# First Elk in ontaario with bow



## 3--d (Feb 15, 2005)

Congrats Scott Holland for the first Elk killed in Ontario with bow...nice job








:darkbeer::darkbeer:
Andy


----------



## flyrod04 (May 23, 2013)

Awesome, what a dream hunt!!!


----------



## MJewell (Nov 24, 2007)

Congrats to the lucky hunter


----------



## buttnbuck (Aug 6, 2013)

Congrats Scotty


----------



## JDoupe (Dec 9, 2006)

Nice job Mr. Holland!!!!


----------



## Crashman (Jan 20, 2005)

Congrats Scott! Looks like a great animal.


----------



## moosemeat (Jul 31, 2011)

way to go Scott,congrats.what zone were you in.i have been putting in for a archery tag since it open and still nothing


----------



## roughneck1 (Feb 8, 2012)

Congrats!


----------



## Bo Hntn (May 8, 2012)

Thanks for the Kudos everyone.
We were hunting in WMU 61, i passed up a smaller 6x6 on Tuesday - that was tough!! We knew there were bigger Bulls around and Friday this guy showed up. He green scores 268 net with the broken G4 so he should make the P&Y min of 260 after the 60 day drying period.
Cheers to my hunting partner Rob Giugovaz pictured on left.
Thanks Scott


----------



## saskhic (Aug 14, 2011)

Dude that's awesome.congrats.


----------



## rdneckhillbilly (Jan 25, 2010)

:thumbs_up:thumbs_up:thumbs_up


----------



## crazymoose (May 17, 2005)

Congrats on your big elk.
Great picture!!!. :canada:


----------



## cc46 (Jan 22, 2005)

Holy WOW!! Fantastic, congrats.....are you hearing anything about elk in wmu 56?


----------



## Jbooter (Dec 9, 2009)

Friggin awesome! Way to go!


----------



## MJewell (Nov 24, 2007)

There are a few scattered elk in wmu 56 but mostly to the east of Haliburton. Two years ago there were two that spent the summer at hurburn rd and the 118 north of Haliburton.


----------



## Hoytalpha35 (Apr 5, 2011)

Curious, is this relocated animals or have they migrated in?


----------



## cath8r (Jan 17, 2003)

Nice!!!


----------



## timmer90 (Apr 1, 2009)

congrats Scott way to go, finally an Elk archery kill


----------



## Michael Myers (Nov 13, 2008)

:thumbs_up


----------



## Wardlow warrior (Jan 14, 2013)

Sweet congrats 


Sent using old school smoke signal


----------



## Bo Hntn (May 8, 2012)

These animals were relocated some 10 years ago from Alberta, i believe - a re-introduction through hunter funding and the OFAH much like the Wild Turkey re-introduction.

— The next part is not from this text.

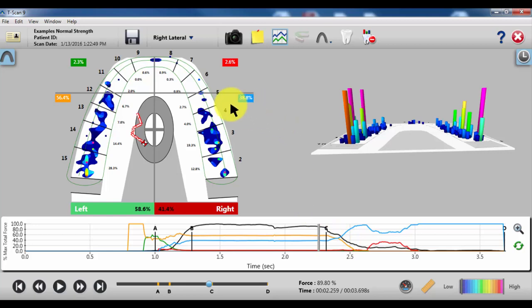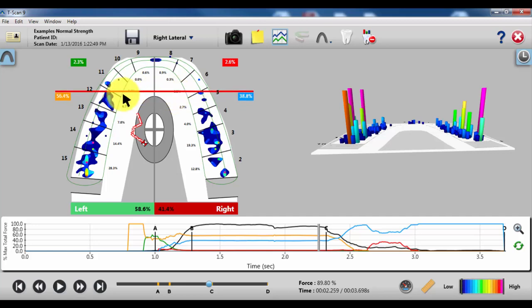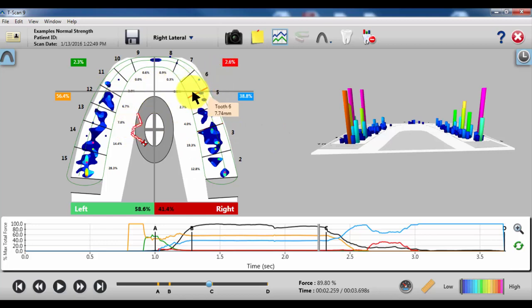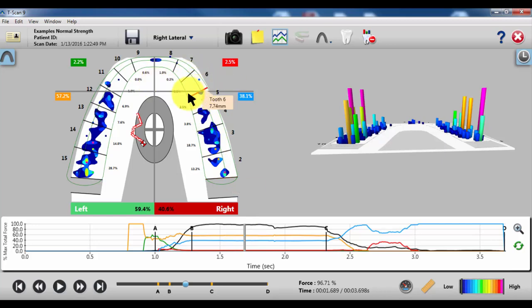What we look for is we want to define the excursion. The first thing you really need to do is make sure this bar is behind all canine contacts. You can see that this is the right lateral. I want to focus on tooth 6 to make sure this bar is behind the contacts on 6. You can see there's really no contact on 6, but it's back there.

There is a very limited draw for a few tags in areas where the MNR feels it can sustain a small hunt. Cheers Scott


----------



## Nudlebush (Jun 24, 2007)

Scott also had the first Ontario turkey kill with the bow, great job old buddy


----------



## dsal (Dec 24, 2008)

Awsome, congrats would love to hunt them one day.


----------



## GWN_Nuge (Oct 1, 2004)

Good job Scott and Rob, can`t wait to hear the details on Tuesday. Awesome job brother!


----------



## CLASSICHUNTER (May 20, 2005)

was I home depot and guy in front just back from hunt had a cow tag and got one 20 yds not spooked at all had video on phone cool to see stalked twice within 20 yds and came to call


----------



## cc46 (Jan 22, 2005)

MJewell said:


> There are a few scattered elk in wmu 56 but mostly to the east of Haliburton. Two years ago there were two that spent the summer at hurburn rd and the 118 north of Haliburton.


Thx bud, 
two summers ago, 5kms south of Gooderham while at a lake fishing (they call it Rusty Shoe) and catching frogs for bait at the marshy north end, we saw at least enough tracks for 20 animals. I had to believe they were elk. Too small and too many for moose and way too big and wet for deer, most tracks were the size of your fist. This was mid summer. Now everytime we walk trails we keep a look out for tracks. So far nothing in our area 8 kms north of Gooderham.


----------



## DANE-G-RUSS (Jan 6, 2011)

Congrats on a great bull man! And a big congrats to the 1st Archery Elk taken in Ontario!
What a rush that must've been! Did he come in screaming? How far was the shot?
Would love to hear details.....
I had no idea that nobody has taken one with the bow yet.....boggles my mind.
What a great accomplishment. Congrats again!


----------



## Bo Hntn (May 8, 2012)

Hi All, a quick response to those curious about the hunt.
I knew no one had taken an Elk with a bow yet in Ontario, so our plan was to hunt the first week with bow, then Rob was going to switch to Black Powder. I was sticking with the bow as i had shot the first Wild Turkey with a bow back in 1990. We had good Bull responses most days, one smaller 6x6 came in on Tuesday morning - i have him on GoPro at 20 yds and i passed him up as i knew there was at least one bigger Bull in the area (yes letting the small ones walk does pay off sometimes :wink The Bulls were'nt coming in hard to the call but responded well, on Friday morning the herd had crossed over to property we were hunting, the Bull i shot passed by my tree stand at 10 yds but i thought it was a little to dark to shoot - a cloudy morning. He was busy rounding up Cows and passed by later at 50 yds, then he came back at 30 yds which is the shot i took. A truly exciting experience to hear Bull Elk bugling in Ontario and to be able to hunt them, i hope the herd grows and more opportunities open up. A difficult tag to draw but worth the wait.
I am a very fortunate Archer, and thankful for all the Kudos from everyone.
Cheers Scott Holland


----------



## Xenomorph (Jun 18, 2012)

Amazing animal and an unbelievable hunt.


----------



## bpbiggamehunter (Feb 13, 2011)

Congrats!


----------